## Work instruction
Each record below should be returned exactly, with its pictures left out.

Source data
--
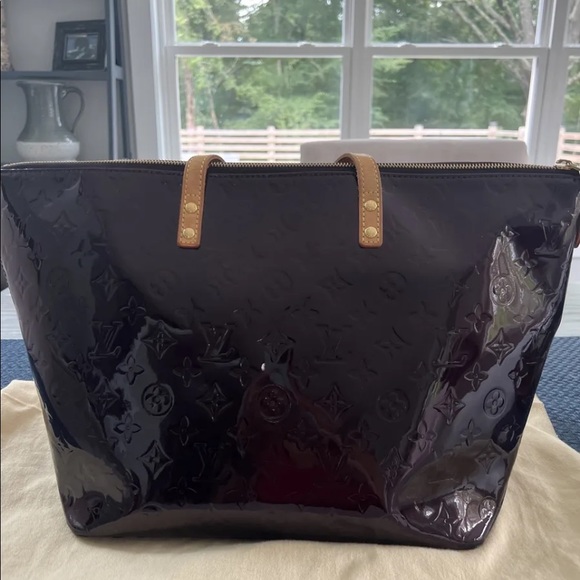 Louis Vuitton Bellevue Handbag Monogram Vernis GM Burgundy - Picture 2 of 10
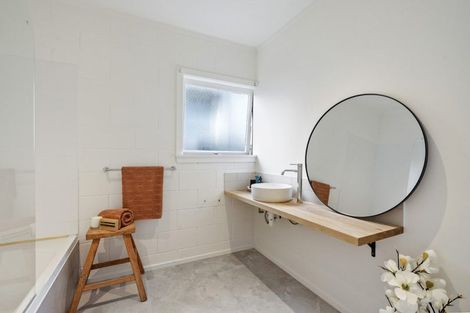 Photo of property in 24 Sylvan Avenue, Northcote, Auckland, 0627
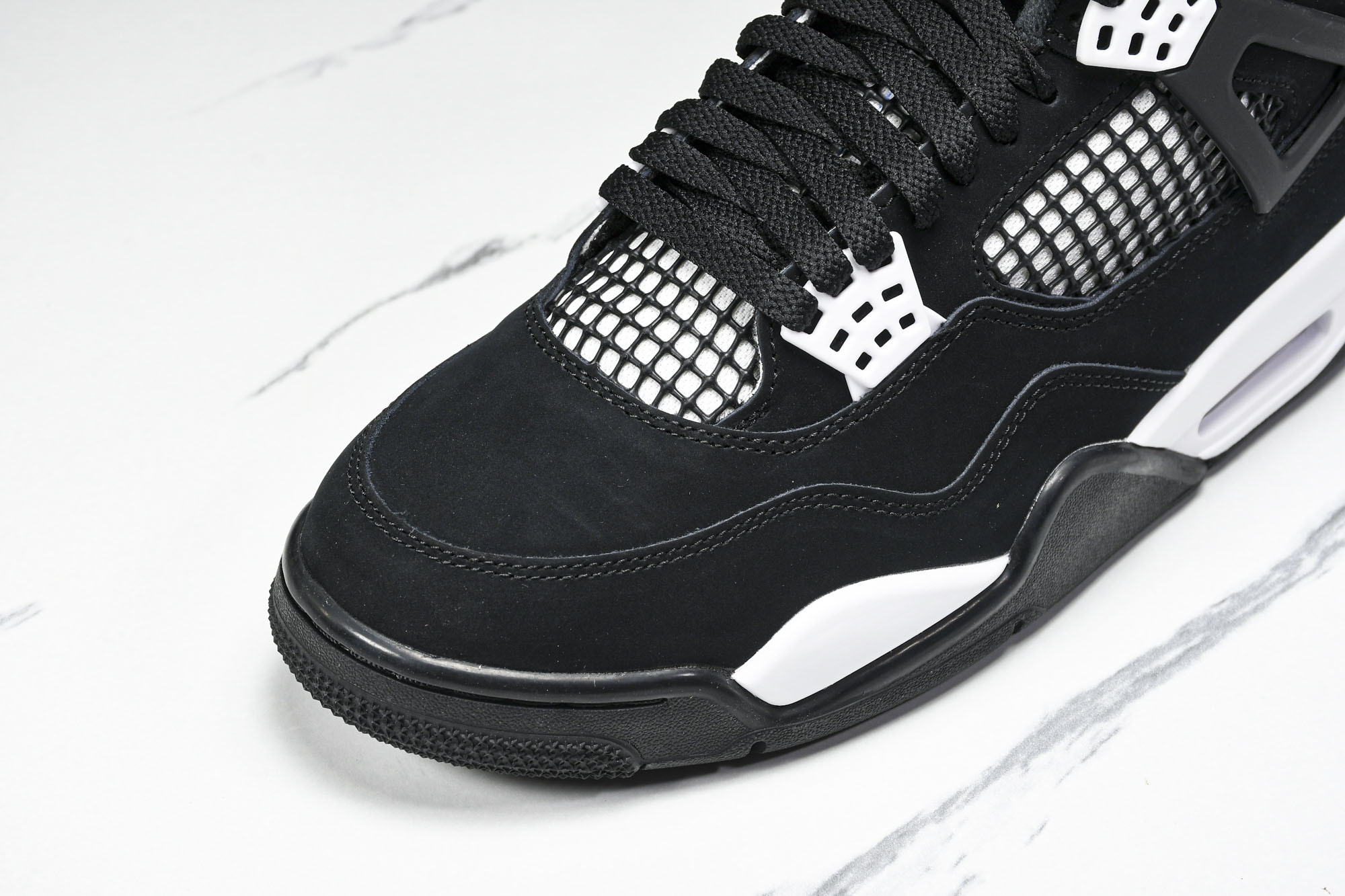 纯原原版 Air Jordan 4 Retro“White Thunder”黑白雷电 FQ8138-001 #YZ001 纯原原版 Air Jordan 4 Retro“White Thunder”黑白雷电 FQ8138-001 #YZ001
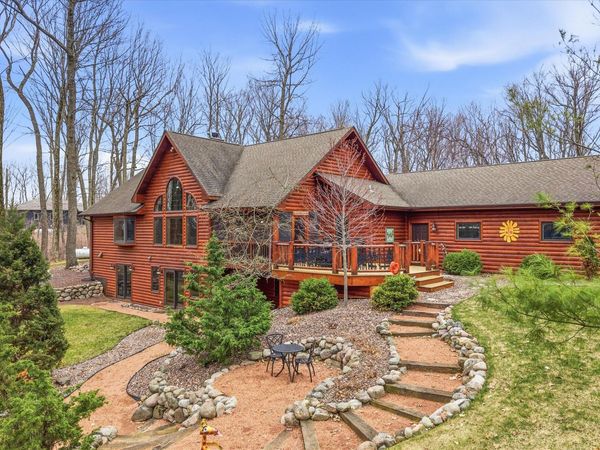 W2147 Hickory Hills Ct, Osceola, WI 53010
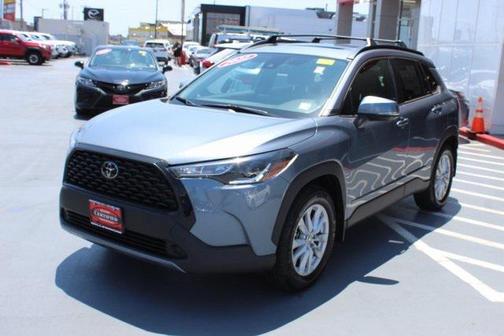 2022 Toyota Corolla Cross LE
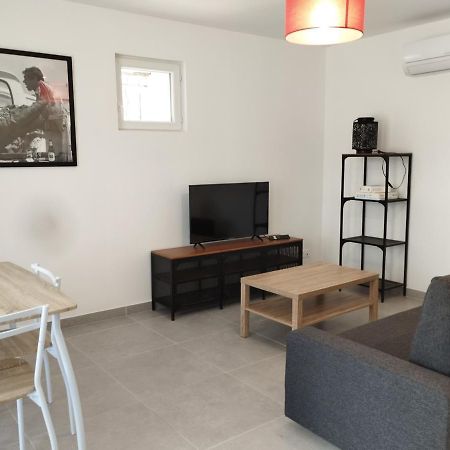 Appartement Meuble Et Tout Confort, Au Milieu De La Campagne Saint-Paul-Trois-Chateaux Ngoại thất bức ảnh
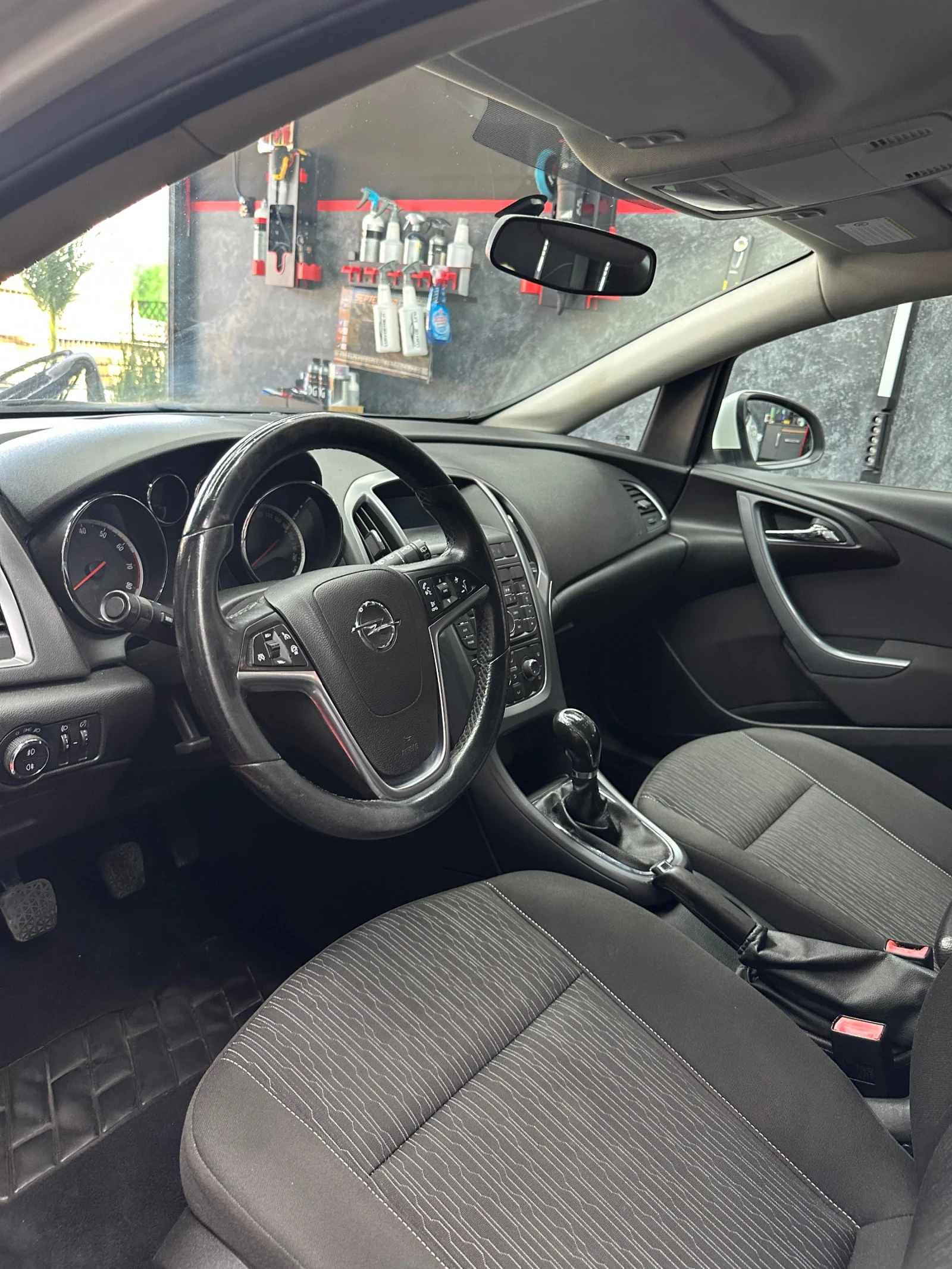 Opel Astra 1.4 Turbo LPG, снимка 11 - Автомобили и джипове - 55978345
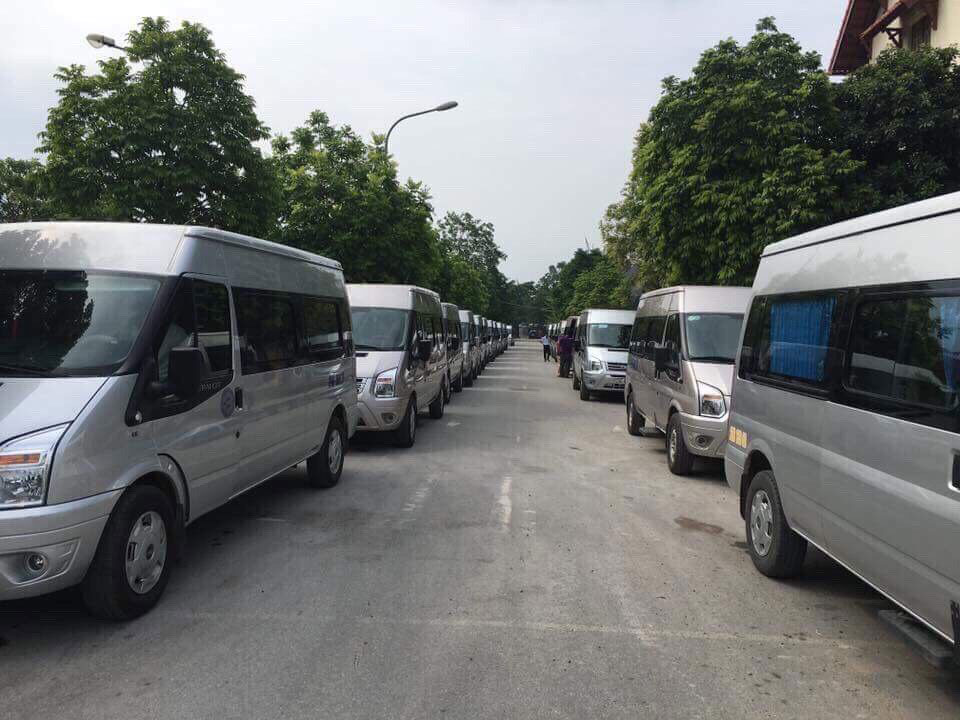 Đi Cửa Khẩu Không Lo Giá Cao – Xe Dịch Vụ Giá Rẻ Đưa Đón Tận Nơi 7 Xe địch vụ đi cửa khẩu Bình Hiệp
--
## Output for this task
 Louis Vuitton Bellevue Handbag Monogram Vernis GM Burgundy - Picture 2 of 10
 Photo of property in 24 Sylvan Avenue, Northcote, Auckland, 0627
 纯原原版 Air Jordan 4 Retro“White Thunder”黑白雷电 FQ8138-001 #YZ001 纯原原版 Air Jordan 4 Retro“White Thunder”黑白雷电 FQ8138-001 #YZ001
 W2147 Hickory Hills Ct, Osceola, WI 53010
 2022 Toyota Corolla Cross LE
 Appartement Meuble Et Tout Confort, Au Milieu De La Campagne Saint-Paul-Trois-Chateaux Ngoại thất bức ảnh
 Opel Astra 1.4 Turbo LPG, снимка 11 - Автомобили и джипове - 55978345
 Đi Cửa Khẩu Không Lo Giá Cao – Xe Dịch Vụ Giá Rẻ Đưa Đón Tận Nơi 7 Xe địch vụ đi cửa khẩu Bình Hiệp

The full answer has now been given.